# [Provided material]
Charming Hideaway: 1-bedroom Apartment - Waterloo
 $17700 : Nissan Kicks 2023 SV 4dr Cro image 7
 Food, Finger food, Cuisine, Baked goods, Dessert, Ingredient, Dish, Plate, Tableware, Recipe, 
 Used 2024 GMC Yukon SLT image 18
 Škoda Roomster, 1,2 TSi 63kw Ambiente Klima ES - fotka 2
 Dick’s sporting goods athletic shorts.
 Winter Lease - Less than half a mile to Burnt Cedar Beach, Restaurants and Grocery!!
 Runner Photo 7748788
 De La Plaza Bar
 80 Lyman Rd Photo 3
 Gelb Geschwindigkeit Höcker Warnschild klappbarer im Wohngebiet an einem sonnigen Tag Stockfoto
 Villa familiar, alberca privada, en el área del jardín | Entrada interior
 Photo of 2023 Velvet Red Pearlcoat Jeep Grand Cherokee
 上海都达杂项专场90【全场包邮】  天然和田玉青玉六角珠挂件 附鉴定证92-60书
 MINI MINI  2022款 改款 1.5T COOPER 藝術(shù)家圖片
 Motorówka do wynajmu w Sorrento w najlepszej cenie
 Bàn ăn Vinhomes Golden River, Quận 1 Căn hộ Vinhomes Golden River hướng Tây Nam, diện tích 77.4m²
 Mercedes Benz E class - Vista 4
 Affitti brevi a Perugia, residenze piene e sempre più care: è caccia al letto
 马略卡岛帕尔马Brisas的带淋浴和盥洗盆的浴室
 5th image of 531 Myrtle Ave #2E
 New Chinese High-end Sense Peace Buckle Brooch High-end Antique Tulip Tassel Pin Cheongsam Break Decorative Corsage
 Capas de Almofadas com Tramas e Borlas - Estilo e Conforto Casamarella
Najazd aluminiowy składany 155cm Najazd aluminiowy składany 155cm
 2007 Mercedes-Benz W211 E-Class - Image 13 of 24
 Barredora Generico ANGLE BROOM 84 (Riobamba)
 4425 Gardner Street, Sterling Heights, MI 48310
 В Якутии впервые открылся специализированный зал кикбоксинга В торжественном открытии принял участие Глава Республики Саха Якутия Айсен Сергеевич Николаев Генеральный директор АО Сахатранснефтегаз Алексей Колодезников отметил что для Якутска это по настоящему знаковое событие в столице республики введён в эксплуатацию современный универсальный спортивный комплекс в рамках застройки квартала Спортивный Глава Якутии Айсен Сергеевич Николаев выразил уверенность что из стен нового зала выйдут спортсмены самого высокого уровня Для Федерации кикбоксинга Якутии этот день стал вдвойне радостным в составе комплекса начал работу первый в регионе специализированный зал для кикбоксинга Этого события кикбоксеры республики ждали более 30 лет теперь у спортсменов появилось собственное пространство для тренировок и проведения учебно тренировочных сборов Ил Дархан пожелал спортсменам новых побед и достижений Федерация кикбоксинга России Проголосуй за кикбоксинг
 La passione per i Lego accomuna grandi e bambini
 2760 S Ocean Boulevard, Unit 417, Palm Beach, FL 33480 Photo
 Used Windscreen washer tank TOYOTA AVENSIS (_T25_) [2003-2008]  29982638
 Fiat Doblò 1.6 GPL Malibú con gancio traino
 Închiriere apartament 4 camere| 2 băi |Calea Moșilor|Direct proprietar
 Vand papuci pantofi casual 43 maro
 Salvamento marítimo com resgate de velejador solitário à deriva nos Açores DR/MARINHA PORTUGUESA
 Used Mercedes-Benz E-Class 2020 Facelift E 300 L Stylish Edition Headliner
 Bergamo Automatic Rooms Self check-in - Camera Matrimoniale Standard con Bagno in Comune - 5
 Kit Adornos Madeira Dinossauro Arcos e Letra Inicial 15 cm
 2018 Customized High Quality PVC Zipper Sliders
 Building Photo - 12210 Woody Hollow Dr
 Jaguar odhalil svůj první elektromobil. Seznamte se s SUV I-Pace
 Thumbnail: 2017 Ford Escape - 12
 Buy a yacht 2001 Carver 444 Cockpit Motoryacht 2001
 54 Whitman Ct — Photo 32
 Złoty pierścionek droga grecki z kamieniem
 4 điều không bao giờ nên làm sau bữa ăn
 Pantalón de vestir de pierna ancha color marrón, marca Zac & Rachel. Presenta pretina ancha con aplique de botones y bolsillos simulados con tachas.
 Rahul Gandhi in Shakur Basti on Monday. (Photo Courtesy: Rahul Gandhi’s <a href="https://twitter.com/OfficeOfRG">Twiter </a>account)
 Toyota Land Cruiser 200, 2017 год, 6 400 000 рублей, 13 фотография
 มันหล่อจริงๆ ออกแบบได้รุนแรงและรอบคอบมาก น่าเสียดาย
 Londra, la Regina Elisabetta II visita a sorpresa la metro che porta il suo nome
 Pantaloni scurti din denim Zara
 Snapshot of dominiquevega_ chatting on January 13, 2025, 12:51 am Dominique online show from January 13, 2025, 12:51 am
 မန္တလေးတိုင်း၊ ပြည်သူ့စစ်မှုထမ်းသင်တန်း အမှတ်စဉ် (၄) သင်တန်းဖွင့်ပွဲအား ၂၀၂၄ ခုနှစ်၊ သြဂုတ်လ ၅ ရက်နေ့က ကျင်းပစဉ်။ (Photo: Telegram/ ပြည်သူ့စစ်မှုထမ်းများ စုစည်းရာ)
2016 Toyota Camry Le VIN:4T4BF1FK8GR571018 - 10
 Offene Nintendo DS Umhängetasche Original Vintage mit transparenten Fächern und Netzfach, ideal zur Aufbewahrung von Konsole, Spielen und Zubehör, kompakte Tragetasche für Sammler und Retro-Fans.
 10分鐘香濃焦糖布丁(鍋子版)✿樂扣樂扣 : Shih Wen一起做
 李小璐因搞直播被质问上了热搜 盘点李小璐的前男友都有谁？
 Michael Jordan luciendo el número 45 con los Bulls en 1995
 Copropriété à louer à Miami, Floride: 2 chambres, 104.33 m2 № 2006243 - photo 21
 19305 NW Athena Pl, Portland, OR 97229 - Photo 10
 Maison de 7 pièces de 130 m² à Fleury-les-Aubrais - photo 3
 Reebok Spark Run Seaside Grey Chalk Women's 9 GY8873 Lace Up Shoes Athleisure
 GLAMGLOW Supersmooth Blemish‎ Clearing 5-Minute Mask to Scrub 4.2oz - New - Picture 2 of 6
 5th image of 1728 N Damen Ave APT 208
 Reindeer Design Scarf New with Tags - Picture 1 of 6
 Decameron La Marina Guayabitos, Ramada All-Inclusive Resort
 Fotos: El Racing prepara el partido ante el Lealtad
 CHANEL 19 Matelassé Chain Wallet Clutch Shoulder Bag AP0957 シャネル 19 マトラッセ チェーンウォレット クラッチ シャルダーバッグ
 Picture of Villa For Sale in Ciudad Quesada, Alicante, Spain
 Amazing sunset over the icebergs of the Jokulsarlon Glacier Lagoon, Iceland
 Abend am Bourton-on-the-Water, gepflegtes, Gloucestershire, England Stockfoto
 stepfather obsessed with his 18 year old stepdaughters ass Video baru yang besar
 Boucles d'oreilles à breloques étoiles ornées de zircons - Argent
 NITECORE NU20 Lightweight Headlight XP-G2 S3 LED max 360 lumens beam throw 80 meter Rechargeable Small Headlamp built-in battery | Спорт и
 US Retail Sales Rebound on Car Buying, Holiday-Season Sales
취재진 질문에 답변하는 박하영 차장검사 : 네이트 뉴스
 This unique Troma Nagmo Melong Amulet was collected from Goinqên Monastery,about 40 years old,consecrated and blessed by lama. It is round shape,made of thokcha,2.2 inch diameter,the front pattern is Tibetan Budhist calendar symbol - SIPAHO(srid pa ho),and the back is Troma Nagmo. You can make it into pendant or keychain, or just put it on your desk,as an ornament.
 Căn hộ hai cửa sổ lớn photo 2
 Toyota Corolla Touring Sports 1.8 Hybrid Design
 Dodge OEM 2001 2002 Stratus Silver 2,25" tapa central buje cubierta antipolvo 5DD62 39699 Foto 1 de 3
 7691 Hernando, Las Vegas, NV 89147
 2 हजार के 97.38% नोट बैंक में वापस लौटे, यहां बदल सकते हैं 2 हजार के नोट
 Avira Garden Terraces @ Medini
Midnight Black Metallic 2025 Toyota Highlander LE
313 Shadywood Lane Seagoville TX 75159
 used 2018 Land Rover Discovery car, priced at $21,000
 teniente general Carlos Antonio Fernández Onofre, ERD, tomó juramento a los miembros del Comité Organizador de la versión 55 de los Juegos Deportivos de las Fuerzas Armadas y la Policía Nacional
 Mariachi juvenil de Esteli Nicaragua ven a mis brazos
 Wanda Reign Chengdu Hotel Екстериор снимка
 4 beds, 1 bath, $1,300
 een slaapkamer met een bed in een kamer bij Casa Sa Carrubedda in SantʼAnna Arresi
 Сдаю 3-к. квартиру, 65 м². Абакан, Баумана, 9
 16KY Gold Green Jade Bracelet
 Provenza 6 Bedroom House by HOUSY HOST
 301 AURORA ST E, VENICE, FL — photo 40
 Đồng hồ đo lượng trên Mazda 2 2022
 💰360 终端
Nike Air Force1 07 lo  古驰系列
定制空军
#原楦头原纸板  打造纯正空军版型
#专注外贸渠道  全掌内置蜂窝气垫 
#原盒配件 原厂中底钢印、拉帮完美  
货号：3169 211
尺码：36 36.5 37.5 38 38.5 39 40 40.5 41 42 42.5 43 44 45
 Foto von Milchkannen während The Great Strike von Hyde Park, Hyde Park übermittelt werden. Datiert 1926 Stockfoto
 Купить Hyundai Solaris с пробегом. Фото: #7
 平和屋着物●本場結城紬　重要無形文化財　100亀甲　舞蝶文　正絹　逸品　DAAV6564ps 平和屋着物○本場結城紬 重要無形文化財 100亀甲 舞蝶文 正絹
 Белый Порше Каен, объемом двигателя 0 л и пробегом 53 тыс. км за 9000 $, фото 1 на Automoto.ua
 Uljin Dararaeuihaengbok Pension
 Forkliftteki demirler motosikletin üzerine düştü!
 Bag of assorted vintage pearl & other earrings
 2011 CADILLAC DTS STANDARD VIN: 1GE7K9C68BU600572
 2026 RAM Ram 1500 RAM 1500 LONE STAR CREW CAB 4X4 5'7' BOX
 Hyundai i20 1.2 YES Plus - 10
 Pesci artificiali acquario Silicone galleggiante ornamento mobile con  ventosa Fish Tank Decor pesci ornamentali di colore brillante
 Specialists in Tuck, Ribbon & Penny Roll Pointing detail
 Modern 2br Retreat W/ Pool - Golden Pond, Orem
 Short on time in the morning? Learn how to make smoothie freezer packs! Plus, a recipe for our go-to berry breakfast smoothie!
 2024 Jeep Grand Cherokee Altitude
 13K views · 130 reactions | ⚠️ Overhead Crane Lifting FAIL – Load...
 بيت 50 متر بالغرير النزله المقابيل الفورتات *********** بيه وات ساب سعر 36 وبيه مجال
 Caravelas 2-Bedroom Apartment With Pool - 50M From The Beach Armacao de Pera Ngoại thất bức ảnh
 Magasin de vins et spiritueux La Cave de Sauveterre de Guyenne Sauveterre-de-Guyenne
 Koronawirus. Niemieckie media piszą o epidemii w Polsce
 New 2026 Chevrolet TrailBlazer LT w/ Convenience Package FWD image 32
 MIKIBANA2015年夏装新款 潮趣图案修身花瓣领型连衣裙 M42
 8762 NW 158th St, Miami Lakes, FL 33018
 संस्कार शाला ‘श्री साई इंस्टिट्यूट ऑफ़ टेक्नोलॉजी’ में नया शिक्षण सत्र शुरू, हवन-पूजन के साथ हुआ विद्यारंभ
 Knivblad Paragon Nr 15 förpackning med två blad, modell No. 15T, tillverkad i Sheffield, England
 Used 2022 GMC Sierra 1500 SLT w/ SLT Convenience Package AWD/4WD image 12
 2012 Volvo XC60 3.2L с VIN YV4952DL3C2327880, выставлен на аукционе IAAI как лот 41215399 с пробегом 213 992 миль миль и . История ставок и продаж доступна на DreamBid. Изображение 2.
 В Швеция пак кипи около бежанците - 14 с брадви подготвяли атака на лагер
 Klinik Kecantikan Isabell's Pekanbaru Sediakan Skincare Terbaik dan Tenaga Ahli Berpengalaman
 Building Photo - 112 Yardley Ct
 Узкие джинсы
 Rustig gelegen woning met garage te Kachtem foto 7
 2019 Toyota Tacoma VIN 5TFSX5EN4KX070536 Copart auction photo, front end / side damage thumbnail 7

# [Activity]
Look above for the line holding "Bergamo Automatic Rooms" and the line holding "2016 Toyota Camry", then output exactly those two lines and every line between them, nothing more.

# [Your solution]
 Bergamo Automatic Rooms Self check-in - Camera Matrimoniale Standard con Bagno in Comune - 5
 Kit Adornos Madeira Dinossauro Arcos e Letra Inicial 15 cm
 2018 Customized High Quality PVC Zipper Sliders
 Building Photo - 12210 Woody Hollow Dr
 Jaguar odhalil svůj první elektromobil. Seznamte se s SUV I-Pace
 Thumbnail: 2017 Ford Escape - 12
 Buy a yacht 2001 Carver 444 Cockpit Motoryacht 2001
 54 Whitman Ct — Photo 32
 Złoty pierścionek droga grecki z kamieniem
 4 điều không bao giờ nên làm sau bữa ăn
 Pantalón de vestir de pierna ancha color marrón, marca Zac & Rachel. Presenta pretina ancha con aplique de botones y bolsillos simulados con tachas.
 Rahul Gandhi in Shakur Basti on Monday. (Photo Courtesy: Rahul Gandhi’s <a href="https://twitter.com/OfficeOfRG">Twiter </a>account)
 Toyota Land Cruiser 200, 2017 год, 6 400 000 рублей, 13 фотография
 มันหล่อจริงๆ ออกแบบได้รุนแรงและรอบคอบมาก น่าเสียดาย
 Londra, la Regina Elisabetta II visita a sorpresa la metro che porta il suo nome
 Pantaloni scurti din denim Zara
 Snapshot of dominiquevega_ chatting on January 13, 2025, 12:51 am Dominique online show from January 13, 2025, 12:51 am
 မန္တလေးတိုင်း၊ ပြည်သူ့စစ်မှုထမ်းသင်တန်း အမှတ်စဉ် (၄) သင်တန်းဖွင့်ပွဲအား ၂၀၂၄ ခုနှစ်၊ သြဂုတ်လ ၅ ရက်နေ့က ကျင်းပစဉ်။ (Photo: Telegram/ ပြည်သူ့စစ်မှုထမ်းများ စုစည်းရာ)
2016 Toyota Camry Le VIN:4T4BF1FK8GR571018 - 10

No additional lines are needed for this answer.